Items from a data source
#####

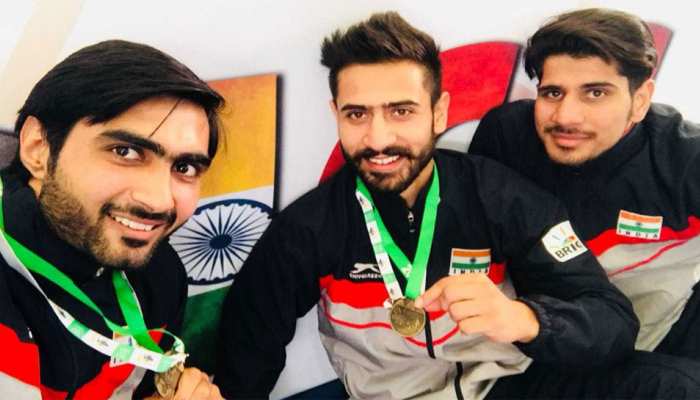 पुंछ के सकलैन तारिक ने रचा इतिहास, बने राज्य के पहले अंतराष्ट्रीय वालीबॉल खिलाड़ी पुंछ के सकलैन तारिक ने रचा इतिहास, बने राज्य के पहले अंतराष्ट्रीय वालीबॉल खिलाड़ी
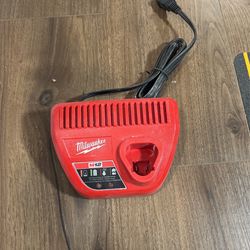 Milwaukee Charger M12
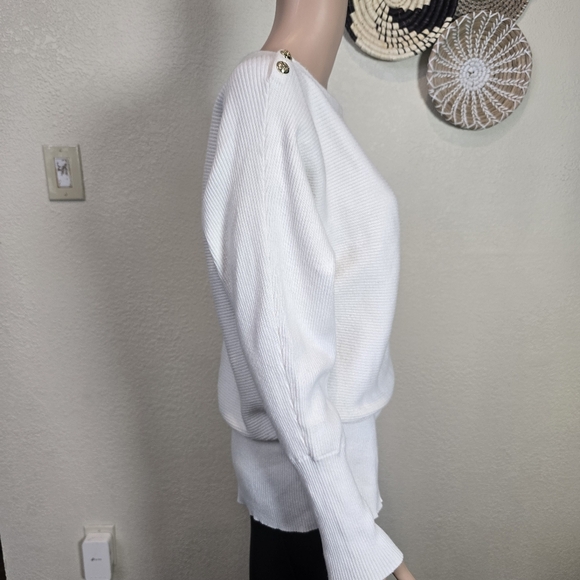 Lauren Ralph Lauren Boatneck Sweater Medium White With Gold Buttons - Picture 11 of 11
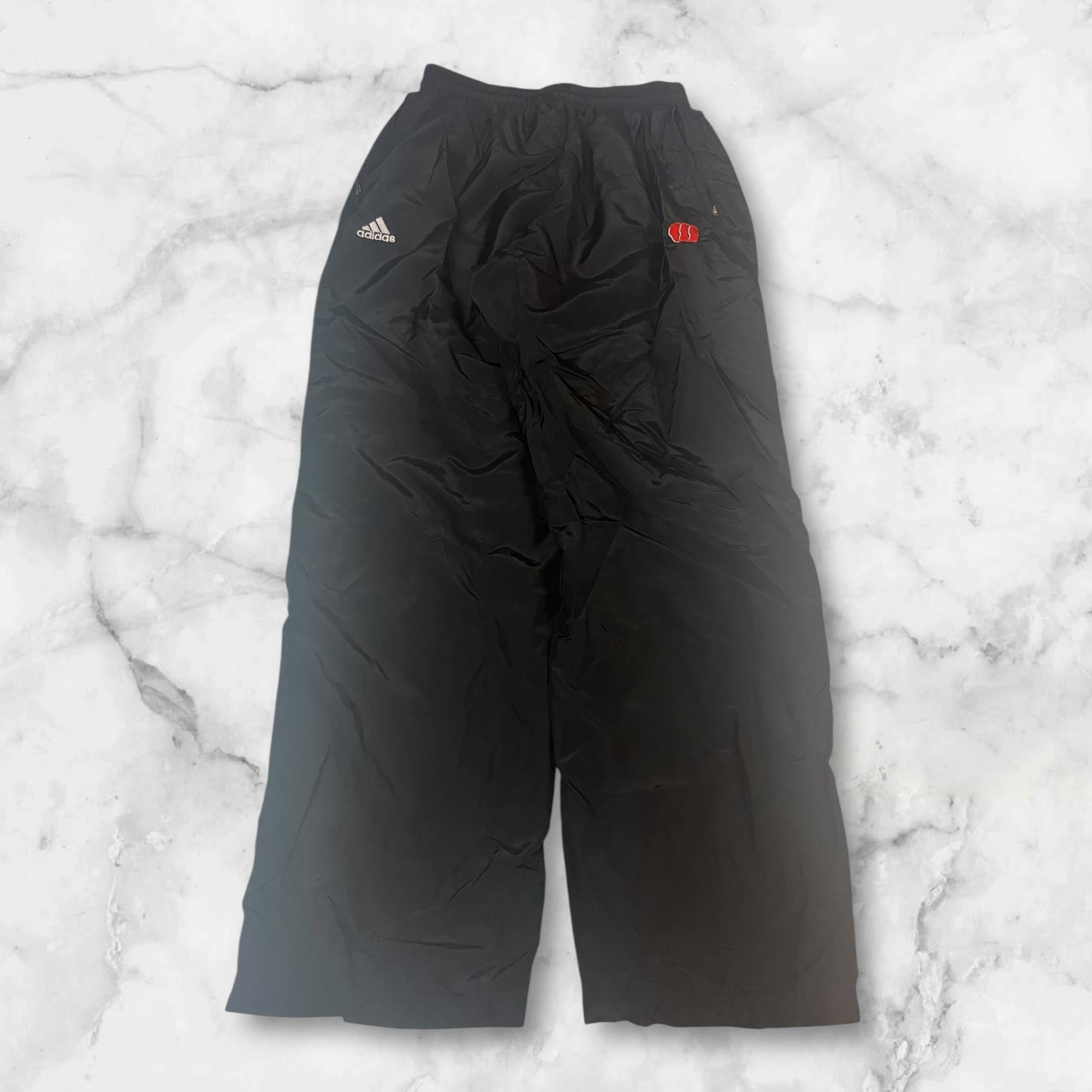 Entdecke unsere Vintage Track Pants von Nike und anderen Marken, erhältlich bei Valuxery.de - Dein Shop für trendige Vintage - Kleidung. Unsere Track Pants sind aus hochwertigen Materialien und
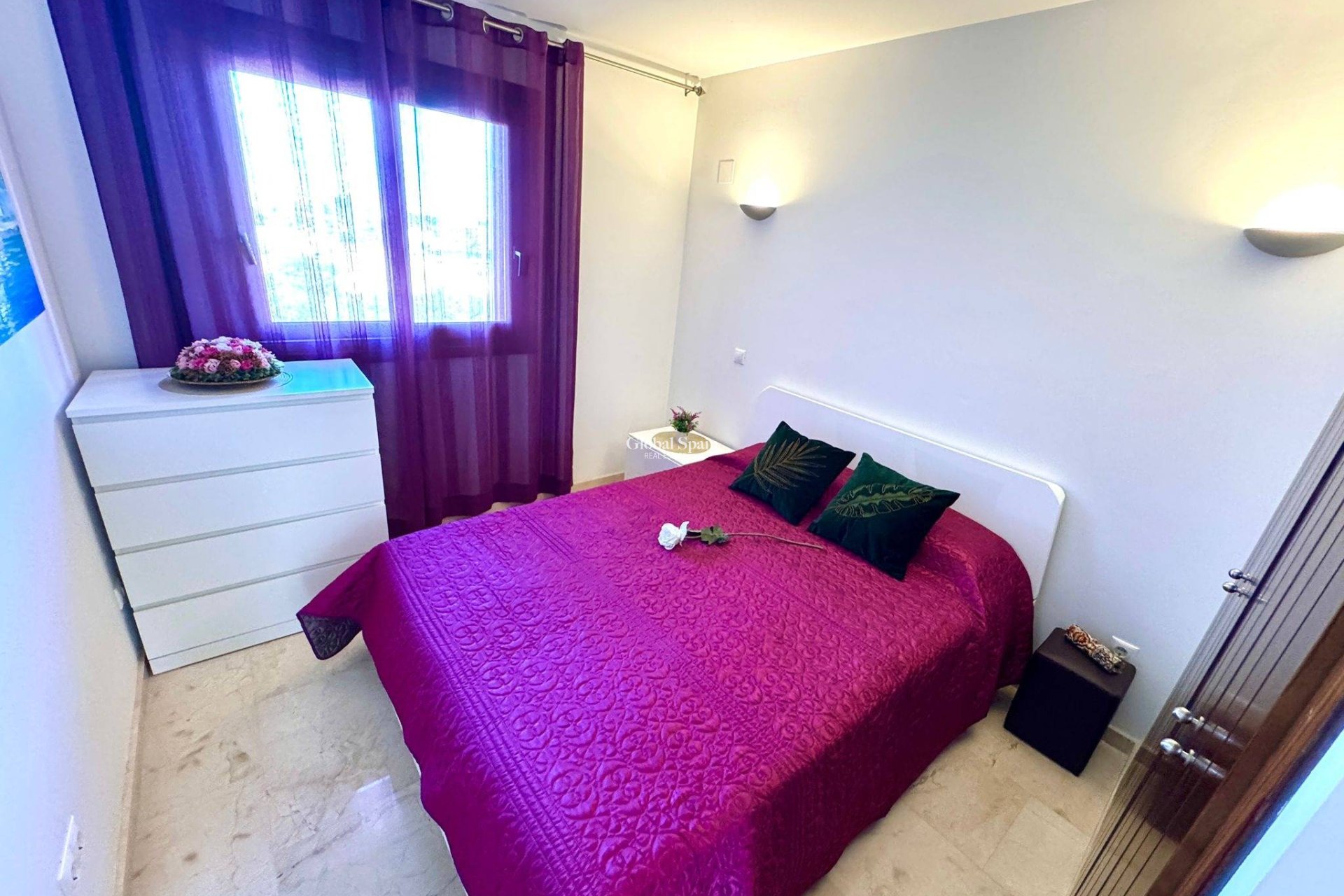 Wiederverkauf - WOHNUNG -
TORREVIEJA - Punta Prima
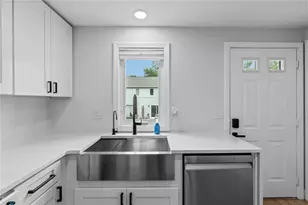 41 Dale Ave, Johnston, RI 02919 - Photo 5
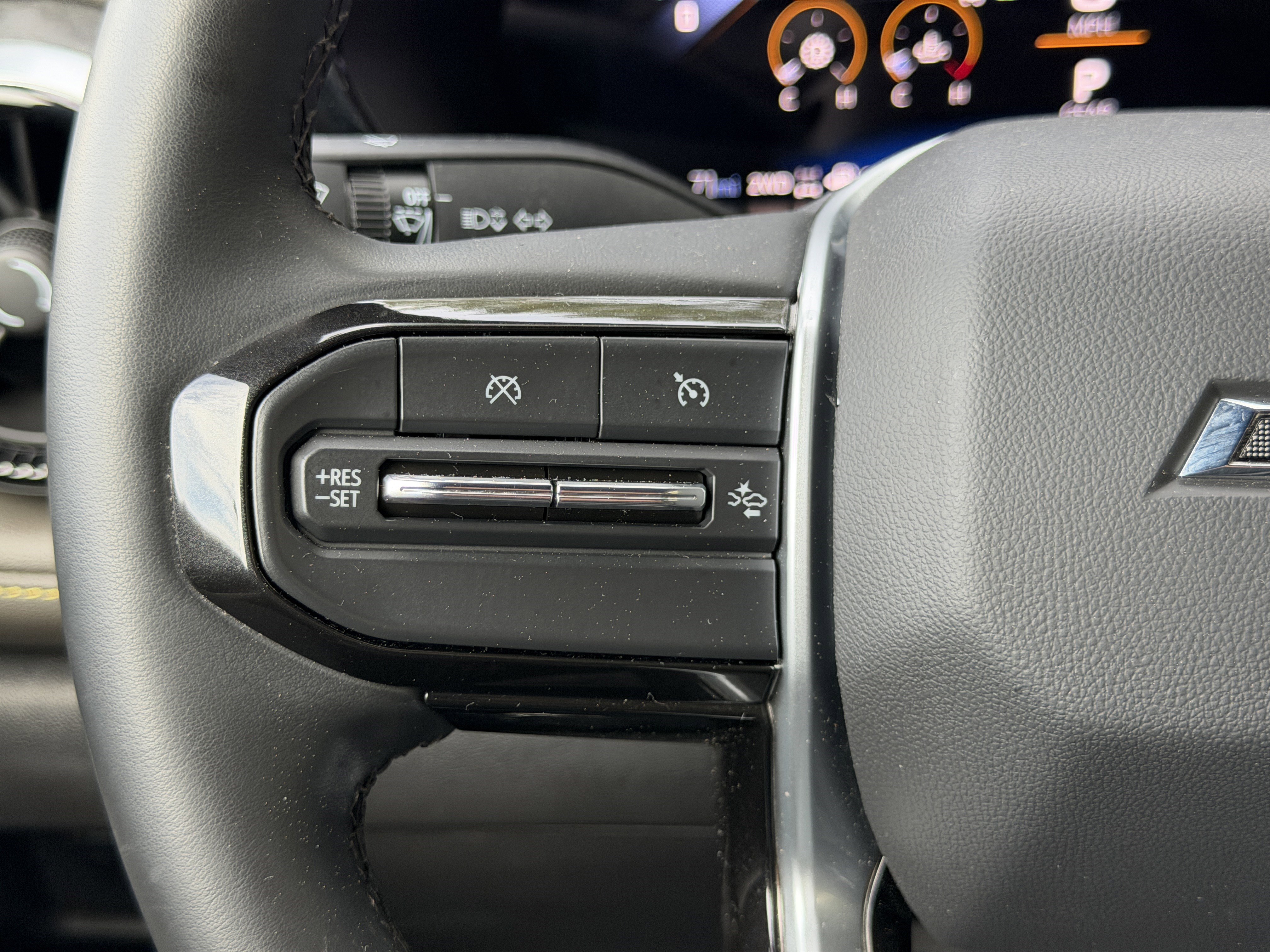 Used 2024 Chevrolet Colorado ZR2 w/ ZR2 Bison Edition AWD/4WD image 30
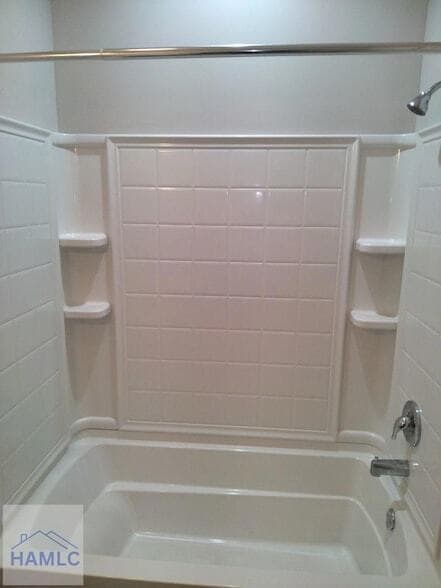 Building Photo - 729 Burke Dr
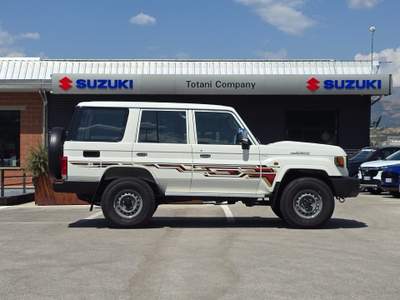 Toyota Land Cruiser GRJ 76 LX 4.0 B 271CV V6  A/T M.Y. 2024 ORD. Bianco usata L'Aquila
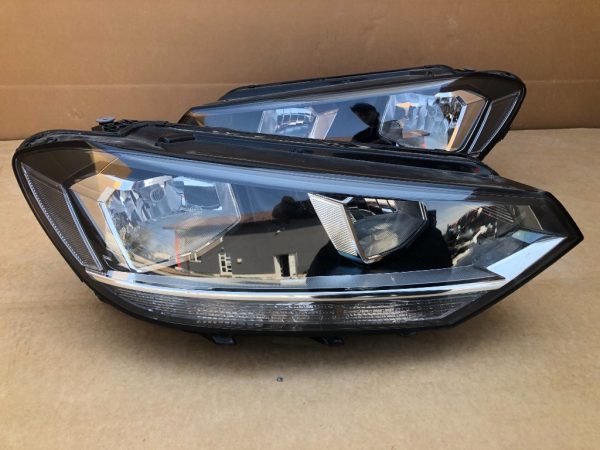 Far dreapta VW Touran 2017 5TB941006A 5TB 941 006 A - Dezmembrari Auto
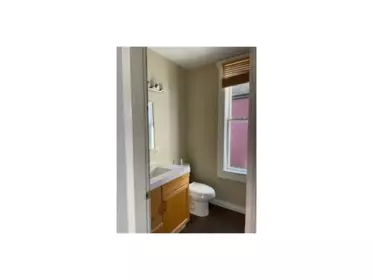 Pantry Photo of 324 Tenth Street, New Westminster, BC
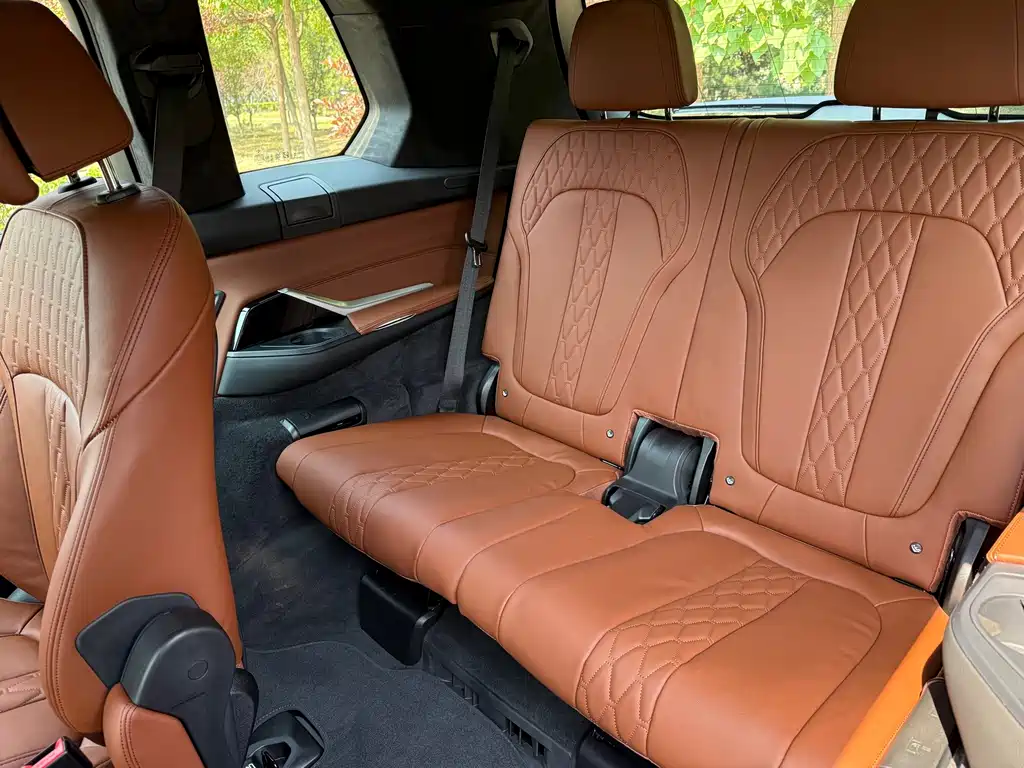 BMW X7 — миниатюра 8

#####

**Activity:** Each line of the records above must be repeated exactly, but no picture belongs in the copy.

**Solved problem:**
 पुंछ के सकलैन तारिक ने रचा इतिहास, बने राज्य के पहले अंतराष्ट्रीय वालीबॉल खिलाड़ी पुंछ के सकलैन तारिक ने रचा इतिहास, बने राज्य के पहले अंतराष्ट्रीय वालीबॉल खिलाड़ी
 Milwaukee Charger M12
 Lauren Ralph Lauren Boatneck Sweater Medium White With Gold Buttons - Picture 11 of 11
 Entdecke unsere Vintage Track Pants von Nike und anderen Marken, erhältlich bei Valuxery.de - Dein Shop für trendige Vintage - Kleidung. Unsere Track Pants sind aus hochwertigen Materialien und
 Wiederverkauf - WOHNUNG -
TORREVIEJA - Punta Prima
 41 Dale Ave, Johnston, RI 02919 - Photo 5
 Used 2024 Chevrolet Colorado ZR2 w/ ZR2 Bison Edition AWD/4WD image 30
 Building Photo - 729 Burke Dr
 Toyota Land Cruiser GRJ 76 LX 4.0 B 271CV V6  A/T M.Y. 2024 ORD. Bianco usata L'Aquila
 Far dreapta VW Touran 2017 5TB941006A 5TB 941 006 A - Dezmembrari Auto
 Pantry Photo of 324 Tenth Street, New Westminster, BC
 BMW X7 — миниатюра 8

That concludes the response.